• Task prompt: Every line from the one containing "Invandring, Lars-Arne Sjöberg" through the last line below should be reproduced exactly; please include nothing else.

• Input data:
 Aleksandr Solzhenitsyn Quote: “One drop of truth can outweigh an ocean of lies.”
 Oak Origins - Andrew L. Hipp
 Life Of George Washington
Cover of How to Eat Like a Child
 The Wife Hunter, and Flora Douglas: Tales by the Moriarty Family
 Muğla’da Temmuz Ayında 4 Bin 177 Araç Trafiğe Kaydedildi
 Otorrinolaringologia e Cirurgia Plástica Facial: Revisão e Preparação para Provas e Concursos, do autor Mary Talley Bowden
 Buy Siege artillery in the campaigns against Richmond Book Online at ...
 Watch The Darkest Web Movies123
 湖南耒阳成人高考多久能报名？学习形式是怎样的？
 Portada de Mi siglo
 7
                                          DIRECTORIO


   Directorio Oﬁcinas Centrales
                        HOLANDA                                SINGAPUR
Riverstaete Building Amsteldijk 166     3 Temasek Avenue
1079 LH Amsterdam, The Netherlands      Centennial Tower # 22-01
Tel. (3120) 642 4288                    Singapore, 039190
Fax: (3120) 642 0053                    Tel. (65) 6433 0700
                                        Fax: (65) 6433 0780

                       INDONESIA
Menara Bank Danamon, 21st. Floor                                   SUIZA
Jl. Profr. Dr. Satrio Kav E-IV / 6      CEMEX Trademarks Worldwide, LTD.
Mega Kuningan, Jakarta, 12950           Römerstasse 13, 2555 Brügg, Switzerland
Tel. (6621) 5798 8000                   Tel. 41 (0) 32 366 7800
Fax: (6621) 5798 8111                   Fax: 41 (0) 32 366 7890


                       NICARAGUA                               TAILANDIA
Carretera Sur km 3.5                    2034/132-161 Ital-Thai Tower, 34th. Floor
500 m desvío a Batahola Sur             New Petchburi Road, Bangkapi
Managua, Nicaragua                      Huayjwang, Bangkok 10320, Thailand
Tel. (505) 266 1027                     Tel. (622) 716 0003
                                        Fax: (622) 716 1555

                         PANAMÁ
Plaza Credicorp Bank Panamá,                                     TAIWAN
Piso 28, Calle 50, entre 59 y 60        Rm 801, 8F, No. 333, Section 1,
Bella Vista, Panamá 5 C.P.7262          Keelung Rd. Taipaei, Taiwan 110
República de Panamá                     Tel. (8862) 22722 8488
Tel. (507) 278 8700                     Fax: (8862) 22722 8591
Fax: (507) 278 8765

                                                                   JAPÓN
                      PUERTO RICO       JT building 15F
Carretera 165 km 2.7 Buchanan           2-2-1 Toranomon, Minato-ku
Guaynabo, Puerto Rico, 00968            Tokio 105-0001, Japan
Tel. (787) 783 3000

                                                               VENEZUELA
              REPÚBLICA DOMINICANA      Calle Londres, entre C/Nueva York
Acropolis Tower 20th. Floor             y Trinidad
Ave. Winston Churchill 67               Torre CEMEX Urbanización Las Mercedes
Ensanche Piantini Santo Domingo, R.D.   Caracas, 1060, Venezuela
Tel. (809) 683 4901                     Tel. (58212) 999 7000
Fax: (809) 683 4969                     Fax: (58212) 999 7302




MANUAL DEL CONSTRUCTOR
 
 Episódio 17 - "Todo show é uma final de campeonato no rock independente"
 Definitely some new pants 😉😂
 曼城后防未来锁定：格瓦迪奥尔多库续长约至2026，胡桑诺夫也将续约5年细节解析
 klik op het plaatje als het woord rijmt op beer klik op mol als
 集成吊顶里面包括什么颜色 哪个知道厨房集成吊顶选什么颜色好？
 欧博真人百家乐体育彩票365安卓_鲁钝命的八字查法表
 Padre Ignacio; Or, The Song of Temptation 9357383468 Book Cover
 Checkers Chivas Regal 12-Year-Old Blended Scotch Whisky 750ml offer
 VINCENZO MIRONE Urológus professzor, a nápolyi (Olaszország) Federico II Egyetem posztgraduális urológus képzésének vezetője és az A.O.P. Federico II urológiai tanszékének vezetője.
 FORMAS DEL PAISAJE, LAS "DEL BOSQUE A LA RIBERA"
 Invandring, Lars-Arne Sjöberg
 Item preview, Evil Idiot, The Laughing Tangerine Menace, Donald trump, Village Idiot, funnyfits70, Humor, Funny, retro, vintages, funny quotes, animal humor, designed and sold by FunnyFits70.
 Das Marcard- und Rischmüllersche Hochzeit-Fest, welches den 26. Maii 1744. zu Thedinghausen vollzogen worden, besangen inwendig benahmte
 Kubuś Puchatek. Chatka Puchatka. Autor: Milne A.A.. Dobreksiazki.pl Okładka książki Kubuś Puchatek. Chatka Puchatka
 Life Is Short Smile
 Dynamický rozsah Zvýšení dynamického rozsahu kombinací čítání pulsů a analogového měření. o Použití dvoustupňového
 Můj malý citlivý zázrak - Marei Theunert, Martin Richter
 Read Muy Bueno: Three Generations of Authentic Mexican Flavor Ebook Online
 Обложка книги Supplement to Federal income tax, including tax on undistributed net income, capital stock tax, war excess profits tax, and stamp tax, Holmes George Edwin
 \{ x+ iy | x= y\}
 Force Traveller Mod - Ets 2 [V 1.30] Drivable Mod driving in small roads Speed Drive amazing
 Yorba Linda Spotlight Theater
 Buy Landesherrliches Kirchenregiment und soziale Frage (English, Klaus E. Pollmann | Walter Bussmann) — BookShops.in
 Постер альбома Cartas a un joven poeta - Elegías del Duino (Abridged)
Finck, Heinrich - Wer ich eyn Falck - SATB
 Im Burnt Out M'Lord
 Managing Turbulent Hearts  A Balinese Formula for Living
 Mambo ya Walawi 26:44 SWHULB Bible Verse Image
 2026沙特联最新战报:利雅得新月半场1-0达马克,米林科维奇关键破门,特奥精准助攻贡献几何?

• Task solution:
 Invandring, Lars-Arne Sjöberg
 Item preview, Evil Idiot, The Laughing Tangerine Menace, Donald trump, Village Idiot, funnyfits70, Humor, Funny, retro, vintages, funny quotes, animal humor, designed and sold by FunnyFits70.
 Das Marcard- und Rischmüllersche Hochzeit-Fest, welches den 26. Maii 1744. zu Thedinghausen vollzogen worden, besangen inwendig benahmte
 Kubuś Puchatek. Chatka Puchatka. Autor: Milne A.A.. Dobreksiazki.pl Okładka książki Kubuś Puchatek. Chatka Puchatka
 Life Is Short Smile
 Dynamický rozsah Zvýšení dynamického rozsahu kombinací čítání pulsů a analogového měření. o Použití dvoustupňového
 Můj malý citlivý zázrak - Marei Theunert, Martin Richter
 Read Muy Bueno: Three Generations of Authentic Mexican Flavor Ebook Online
 Обложка книги Supplement to Federal income tax, including tax on undistributed net income, capital stock tax, war excess profits tax, and stamp tax, Holmes George Edwin
 \{ x+ iy | x= y\}
 Force Traveller Mod - Ets 2 [V 1.30] Drivable Mod driving in small roads Speed Drive amazing
 Yorba Linda Spotlight Theater
 Buy Landesherrliches Kirchenregiment und soziale Frage (English, Klaus E. Pollmann | Walter Bussmann) — BookShops.in
 Постер альбома Cartas a un joven poeta - Elegías del Duino (Abridged)
Finck, Heinrich - Wer ich eyn Falck - SATB
 Im Burnt Out M'Lord
 Managing Turbulent Hearts  A Balinese Formula for Living
 Mambo ya Walawi 26:44 SWHULB Bible Verse Image
 2026沙特联最新战报:利雅得新月半场1-0达马克,米林科维奇关键破门,特奥精准助攻贡献几何?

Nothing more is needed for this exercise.